Talking about the conflict between Islam and democracy, it is needed to compare the main sources: the Qur’an for Islam and the Charter of the UN (a “superlaw”) for democratic nations, which was signed by the majority of Muslim states. Therefore they found themselves ruled by two contradictory laws
-> Charter of the UN (based on freedom of thought) v. shari’a (based on ta’a, obedience).

Haguza, in the stories for children, is a monster you hear about but no one has ever yet seen it. It is the paradigm of everything people don’t know and is at the same time frightening. The UN Charter, for most Muslims, is like Haguza: even if it was signed, it has never entered the public schools and still remains an “invisible object”, unknown for the majority of people and in some way feared.

The UN Charter (signed in San Francisco in 1945) had many Muslim countries as its original members, while others became part of it after their national independence, accepting the obligations of the Charter, including its superiority to all local laws.
The adoption (in 1948) of the Universal Declaration of Human Rights could have been the occasion to initiate a debate on freedom of thought and religion. However, most Muslim countries decided to “hide” these general laws and to renounce to promote the secularization of the state. There was no public explanation of the principles of participatory democracy, and this allowed many Presidents to stay in charge for an indeterminate period (like Kings).
This was (and still is) the approach of fundamentalists, who think that Islam needs a “totalitarian” system of control to be successful, as if it had nothing to offer to modern people.

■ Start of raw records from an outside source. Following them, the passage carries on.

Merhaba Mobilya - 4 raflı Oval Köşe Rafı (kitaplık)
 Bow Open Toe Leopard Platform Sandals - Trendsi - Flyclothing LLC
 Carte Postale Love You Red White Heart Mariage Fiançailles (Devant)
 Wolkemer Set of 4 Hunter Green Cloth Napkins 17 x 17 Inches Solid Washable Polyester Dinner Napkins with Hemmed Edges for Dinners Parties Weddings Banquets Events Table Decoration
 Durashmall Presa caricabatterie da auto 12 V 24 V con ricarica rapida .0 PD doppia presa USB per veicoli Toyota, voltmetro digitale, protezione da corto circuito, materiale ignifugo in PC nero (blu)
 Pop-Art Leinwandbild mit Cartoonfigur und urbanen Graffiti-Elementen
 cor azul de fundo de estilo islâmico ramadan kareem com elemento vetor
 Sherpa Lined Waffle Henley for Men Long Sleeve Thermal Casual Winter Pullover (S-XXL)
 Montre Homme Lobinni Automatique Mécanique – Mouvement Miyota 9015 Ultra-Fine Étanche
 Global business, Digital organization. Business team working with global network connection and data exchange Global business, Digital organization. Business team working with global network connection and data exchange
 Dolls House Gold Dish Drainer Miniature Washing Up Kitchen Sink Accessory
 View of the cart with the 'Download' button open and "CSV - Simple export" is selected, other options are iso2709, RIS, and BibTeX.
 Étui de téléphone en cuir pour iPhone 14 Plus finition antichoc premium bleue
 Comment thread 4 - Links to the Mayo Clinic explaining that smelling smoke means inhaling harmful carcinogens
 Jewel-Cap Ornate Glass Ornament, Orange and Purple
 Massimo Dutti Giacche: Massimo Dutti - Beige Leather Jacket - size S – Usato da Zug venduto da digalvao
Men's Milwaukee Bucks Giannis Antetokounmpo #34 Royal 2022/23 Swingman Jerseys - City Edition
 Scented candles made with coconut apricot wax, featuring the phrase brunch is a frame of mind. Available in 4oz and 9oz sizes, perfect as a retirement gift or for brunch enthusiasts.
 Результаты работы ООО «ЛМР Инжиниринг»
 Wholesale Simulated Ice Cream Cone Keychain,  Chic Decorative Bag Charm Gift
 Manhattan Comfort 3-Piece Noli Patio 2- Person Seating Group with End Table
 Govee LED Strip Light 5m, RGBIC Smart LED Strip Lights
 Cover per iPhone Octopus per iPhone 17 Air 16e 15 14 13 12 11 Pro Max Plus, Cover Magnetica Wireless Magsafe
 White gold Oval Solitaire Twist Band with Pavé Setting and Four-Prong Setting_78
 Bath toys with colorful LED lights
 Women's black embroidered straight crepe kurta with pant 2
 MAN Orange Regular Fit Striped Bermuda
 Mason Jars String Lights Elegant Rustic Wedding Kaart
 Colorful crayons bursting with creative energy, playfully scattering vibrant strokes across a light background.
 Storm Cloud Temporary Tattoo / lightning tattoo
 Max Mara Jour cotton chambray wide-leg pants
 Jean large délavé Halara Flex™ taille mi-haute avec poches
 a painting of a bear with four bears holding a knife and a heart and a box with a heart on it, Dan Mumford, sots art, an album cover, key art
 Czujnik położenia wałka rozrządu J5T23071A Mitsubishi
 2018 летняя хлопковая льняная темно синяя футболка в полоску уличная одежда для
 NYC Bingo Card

On the contrary, as Judaism and Christianity, it has to flourish in a secular state through the principle of tolerance.

Many Muslim states used amendments and reservations to the UN Charter (and following conventions) to avoid that citizens could ask for freedom or equality: they wanted their religious rules not to be called into question, creating a lot of confusion about the real meaning of the text. This shows Arab states’ radical rejection of the principle of equality. They needed to sign the Chart, but they couldn’t admit that shari’a was inconsistent with it. So they tried a formal balance through reservations, but it is only a masquerade to reaffirm the principles of ta’a (obedience) and ra’y (personal opinion).

Television might have been an ideal instrument for explaining the content of the Charter (also because American films are very diffused in the Middle East), but it wasn’t so. Only at the end of the 1980s it was possible to learn about human rights and freedom of opinion thanks to the efforts of intellectuals and university students. Ignorance is the main enemy of development: it is one of the consequences of “government fundamentalism”, i.e. the official culture that serves as a barrier against democratic education. This attitude, combined with the numerous religious TV programmes, led Arab countries to confusion and intolerance.


For Arabic people, words as ra’is (head) or malik (king) are traditional words. However, they are not used to ra’is al-jumhuriyya (president of the republic).
Jumhuriyya makes reference to the majority of people and to a wide consensus by a collectivity, but it says nothing about the limits of the power -> the focus is on the head of state (differently from the Latin meaning of res publica), which is vertically superior, a “master of the people”, and not on the limits of his power. Such an interpretation definitively erases any reference to plurality and democracy, going away from the real meaning of “republic”.